Bespoke everything: hand-rolled Helm charts, one-off GitHub Actions, snowflake Dockerfiles.
Drift: Terraform providers and base images drift months behind; SLOs drift because nobody knows the golden path.
Refactor fear: org can’t change logging, tracing, or RPC without a quarter of yak shaving.

The business impact:

PR lead time balloons (we’ve measured +2–3 days) from decision ambiguity.
MTTR suffers when every service is a one-off snowflake.
Cloud bills creep from duplicated infra patterns and misconfig (e.g., sidecars running latest-with-debug).

ADRs that actually change code

ADRs are useful when they’re small, searchable, and enforceable. Here’s the pattern that works:

One page, max. Decision, context, date, tags, migration impact.
Adjacent to code. docs/adr/ in the repo (or org-level repo mirrored into templates).
Tagged and referenced. Use IDs and tags that policies can read.
Mapped to enforcement. Every ADR has at least one CI check or policy.

Example ADR that picks gRPC + HTTP/2 for inter-service calls:

# ADR-0012: gRPC for inter-service communication

Date: 2024-06-12
Status: Accepted
Tags: rpc, networking, performance

Decision
- Default to gRPC over HTTP/2 for inter-service calls.
- REST remains at the edge (public APIs) via Envoy translation.

Context
- High P99 latency between Node/Java services.
- Existing tracing is inconsistent.

Consequences
- New services must use the `svc-grpc` template.
- Existing services migrate when touching RPC (see migration ADR-0012-MIG).
- CI will reject custom HTTP clients between internal services.

Links
- Template: platform-templates/svc-grpc
- Policy: opa/policies/adr-0012-grpc.rego

Make it testable. We add a tiny machine-readable footer so CI can resolve links:

<!-- adr: {"id":"ADR-0012","policy":"opa/policies/adr-0012-grpc.rego"} -->

Pave the road: defaults, templates, and policies

If the paved road isn’t faster than bespoke, engineers will route around it. Ship opinionated, boring defaults:

Service templates with batteries included: tracing, metrics, health endpoints, OpenAPI/Protobuf, standard Dockerfile, Makefile, CI workflow.
Terraform modules pinned to versions, with built-in guardrails (encryption, least-privilege IAM, budgets).
Org-level CI via reusable workflows; you shouldn’t copy/paste YAML per repo.
Policy-as-code (OPA/Conftest) that encodes ADRs.

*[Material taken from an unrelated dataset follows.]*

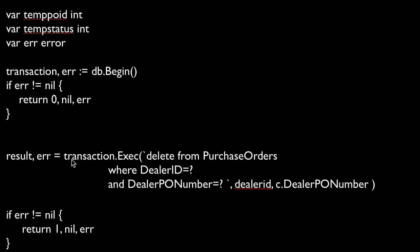So it really just depends on what you're trying to accomplish here, but we now have two different ways we can run a query. We can do a query where we're actually looking for results, and we're going to assign them to the individual variables that we had defined. Or, in this case, we're just executing the query and moving on.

Example: GitHub reusable workflow that every service calls. Two lines in repos, org owns the logic.

# .github/workflows/ci.yml
name: CI
on: [push, pull_request]
jobs:
  call-org-ci:
    uses: acme-org/.github/.github/workflows/service-ci.yml@v3
    with:
      language: node
      adr_policy_dir: opa/policies

OPA policy that enforces ADR-0012 by rejecting raw axios calls to internal services in Node (trivial heuristic, but effective when paired with code search):

package adr.grpc

# deny when axios is used against internal .svc.local domains
violation[msg] {
  input.file.path.endswith(".ts")
  some line in input.file.lines
  contains(line.text, "axios(")
  contains(line.text, ".svc.local")
  msg := sprintf("ADR-0012: Use gRPC client, not axios for service-to-service: %s:%d", [input.file.path, line.number])
}

Conftest wired into CI:

conftest test --policy opa/policies --input . --no-fail=false

Terraform paved-road module with pinned provider versions:

# versions.tf
terraform {
  required_version = ">= 1.6.0, < 1.8.0"
  required_providers {
    aws = {
      source  = "hashicorp/aws"
      version = "~> 5.55.0"
    }
  }
}

module "service_vpc" {
  source  = "git::ssh://git@github.com/acme/modules//vpc?ref=v2.3.1"
  cidr    = var.cidr
  tags    = local.common_tags
}

Bootstrap command (make it a single command):

npx @acme/create-service my-service --template=svc-grpc

Prevent drift continuously

Drift is a process problem, not a willpower problem. Bake the checks into the platform:

Renovate for dependency and toolchain updates, with automerge for patch/minor if tests and policies pass.
ArgoCD + Kustomize with app-of-apps so cluster manifests are standardized and drift shows up as OutOfSync, not a Friday surprise.
Org-level policies that run on every PR and scheduled (nightly) to catch drift before audits do.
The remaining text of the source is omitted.